What we ended up with is some combination of a David Lebovitz custard-based chocolate ice cream recipe and a Food52 finalist’s pudding recipe.

Thick and Rich Chocolate Pudding

  • 2 cups heavy cream
  • 1 cup half & half
  • 3 tablespoons unsweetened cocoa powder
  • 1/2 cup granulated sugar
  • 1 vanilla bean
  • 1/8 teaspoon salt
  • 5 egg yolks
  • 3 tablespoons corn starch (less if you don’t want it as thick)
  • 5 ounces bittersweet chocolate

Split the vanilla bean lengthwise and scrape out the seeds into a bowl with the sugar.  “Chop” up the seeds so they are as distributed as possible (not clumped together) throughout the sugar.

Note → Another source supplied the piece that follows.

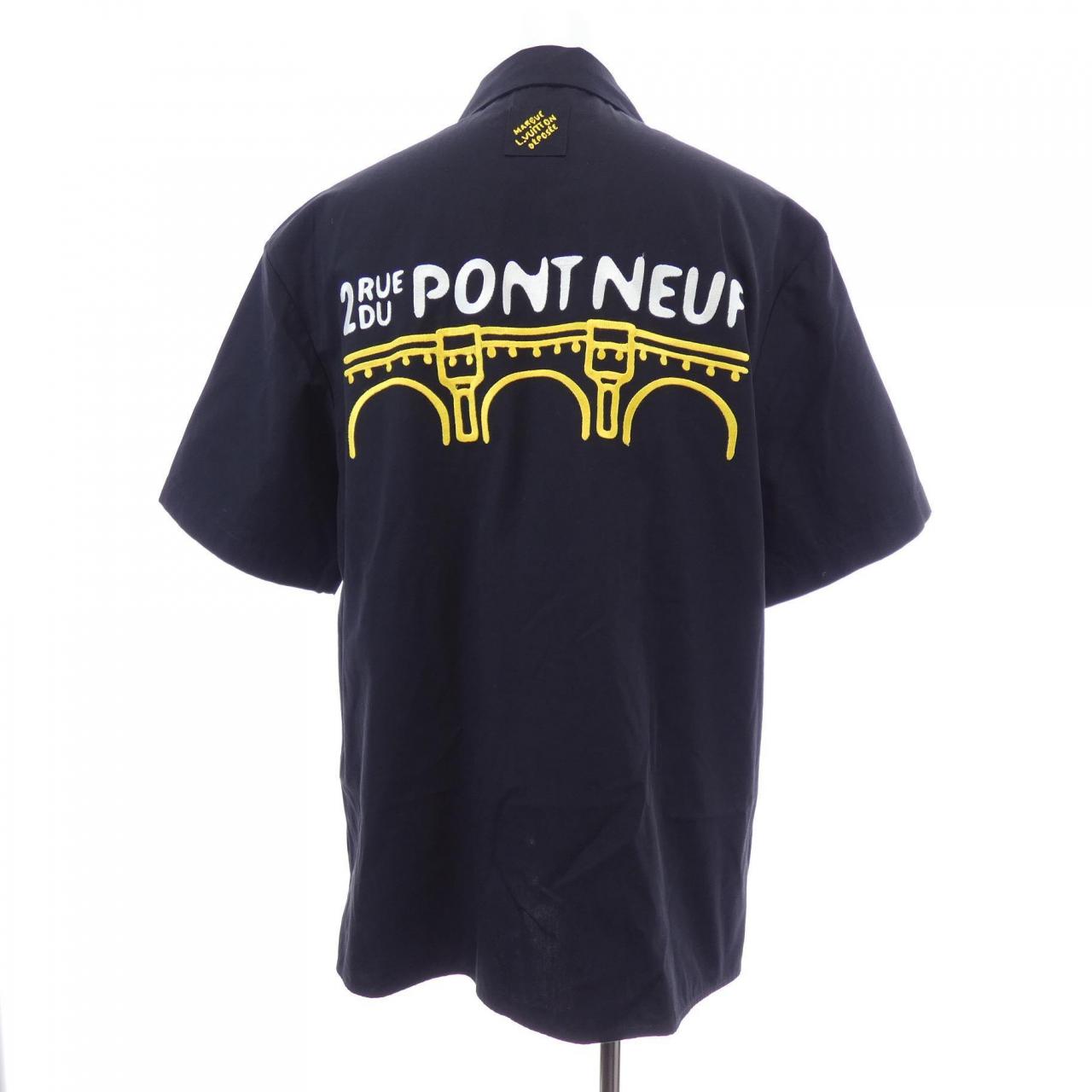 ルイヴィトン LOUIS VUITTON オープンカラーショートスリーブコットンシャツ HQS95WIKE S／Sシャツ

Measure out the cocoa powder as well.

And go ahead and set aside your 5 ounces of chocolate.  We used chips because they melt efficiently.  If you buy bars of chocolate, cut them up into small pieces.

Now pour into a medium saucepan the heavy cream and half & half (or milk, if you’d like a lighter pudding).  Add to this liquid the vanilla seed & sugar mixture as well as the cocoa powder.  Throw the vanilla bean husk in there too, just for good measure.  Whisk everything together and then warm over medium-low heat, whisking occasionally.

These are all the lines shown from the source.